Surging Giants top Dodgers, win fifth straight
The same Giants who struggled to get hits beyond the infield have now hit 16 home runs in 15 games.
The same Giants who struggled to get hits beyond the infield have now hit 16 home runs in 15 games.
Last season, Joe Panik and Matt Duffy were embattled in what they called a Tortoise Race — a home run contest between two unlikely power sources — that raged on in the months before Duffy was traded.
The players, like the team, were generally fresh out of power, a trend that has plagued the San Francisco Giants years before the Tortoise Race and well into April this year.
May 2017, on the other hand, has been an outlier. The same club that struggled to get hits beyond the infield for stretches have now hit 16 home runs in 15 games this month, 13 in their last nine. No. 13 came from Brandon Belt, who hit a solo shot (9) off a hanging Rich Hill curveball that just cleared Levi’s Landing as the Giants (17-24) claimed a 2-1 win over the Los Angeles Dodgers (22-18) on a foggy Tuesday night. That makes it five in a row for San Francisco.
The fourth-inning dinger broke up a tough pitchers’ duel, a stark contrast to Monday’s one-sided scoring fiasco. Gaining an advantage in said duel, Ty Blach (W, 1-2, 4.15 ERA) got his first win of the season — and the team’s first from the rotation’s No. 1 spot — in another strong start. He dealt 7 one-run innings and allowed five hits, striking out four.
He also dealt a season-high 109 pitches, in keeping with manager Bruce Bochy‘s trend this week of letting his starters get deeper into games. A long start, at first, seemed improbable as Blach struggled to stay ahead in the count. Blach’s resilience kept him afloat, Bochy said:
“He has a great way about him, great poise, and he’s just unflappable.”
Blach made one costly mistake fastball to Dodger second baseman Chris Taylor, who pummeled a game-tying home run (4) to the kale garden in center field. Other than that, Blach along with Hunter Strickland (H, 2, 1.26 ERA) and Derek Law (S, 4, 2.75 ERA) silenced the LA offense.
That wouldn’t have been possible without the defense behind them, though, said Blach:
“Any ball on the ground, I feel like I have a chance.”
Christian Arroyo played his first big league game at second and melted right in, making a spectacular Panik-esque diving stop off Joc Pederson‘s sharp ground ball that nearly slipped through to right field.
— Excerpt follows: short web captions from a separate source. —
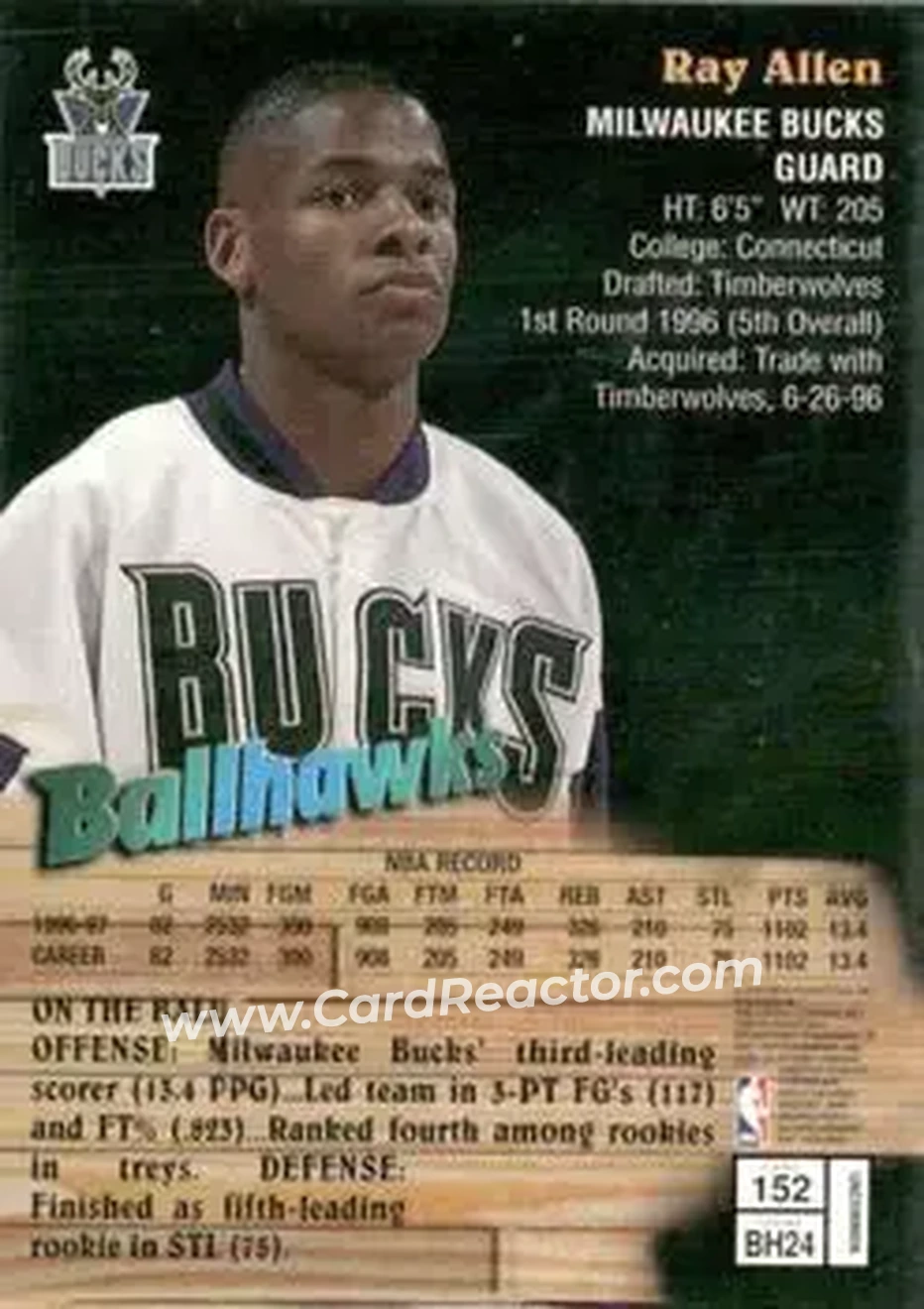Back of Ray Allen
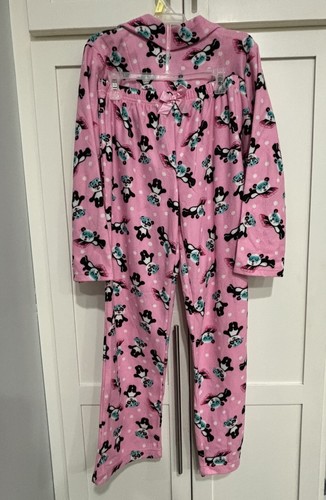Girl and Doll 18" Doll Matching PJ's set 2pc Warm Button Up Pants C17 - Picture 2 of 8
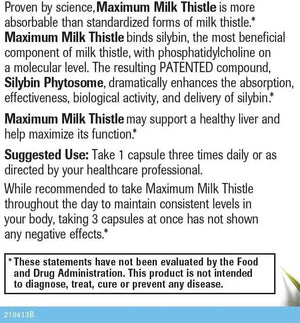 NATURAL WELLNESS - Natural Wellness Maximum Milk Thistle 240Mg. 90 Capsulas - The Red Vitamin MX - Suplementos Alimenticios - {{ shop.shopifyCountryName }}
He seemed to settle into the position even further, particularly in the fourth when, with runners on second and third with one out, Arroyo scooped up an Austin Barnes grounder and hurled it home in time to nab Justin Turner — thanks in large part to a perfect Buster Posey tag. Blach, who watched the ball eek past him, walked through his thoughts:
“That was awesome … when that ball got past me my heart sank. To see him get that and get him at home was awesome.”
Arroyo wasn’t expecting that kind of play, saying the infield wasn’t set up to prevent the run:
“It was just perfect spot because Turner froze. … I fielded it and looked up and saw he was three-quarters off the bag and looked up and just threw home.”
Said Bochy:
“Good heads up play going home on the ball. … That ended up being the difference in the game.”
The Giants waited for a shot at lefty reliever Luis Avilan (L, 0-1, 2.45 ERA) before making the pitching and defense count with a sixth-inning rally. One Belt initiated sending a grounder deep enough into the shift for and infield single before advancing to second on a wild pitch. Posey moved him to third on a ground ball and Brandon Crawford flipped the first pitch he saw into shallow right center for the eventual game-winning RBI single.
Up Next
Johnny Cueto (4-2, 4.15) and Clayton Kershaw (6-2, 2.43 ERA) will face off in game three of the series, with the Giants going for the sweep.
Closer Mark Melancon, who is on the 10-day disabled list with a pronator strain, will be activated Friday. … Buster Posey, who went 2-for-4 Tuesday, is now batting .379, good enough for third-best in the Major Leagues behind Washington Nationals’ Bryce Harper (.388) and Ryan Zimmerman (.385). Posey, who won the batting title in 2012, is only the second National League catcher to do so, and first since Ernie Lombardi did so in 1942 — Joe Mauer (2006, 2008, 2009) is the only American League catcher to accomplish the feat.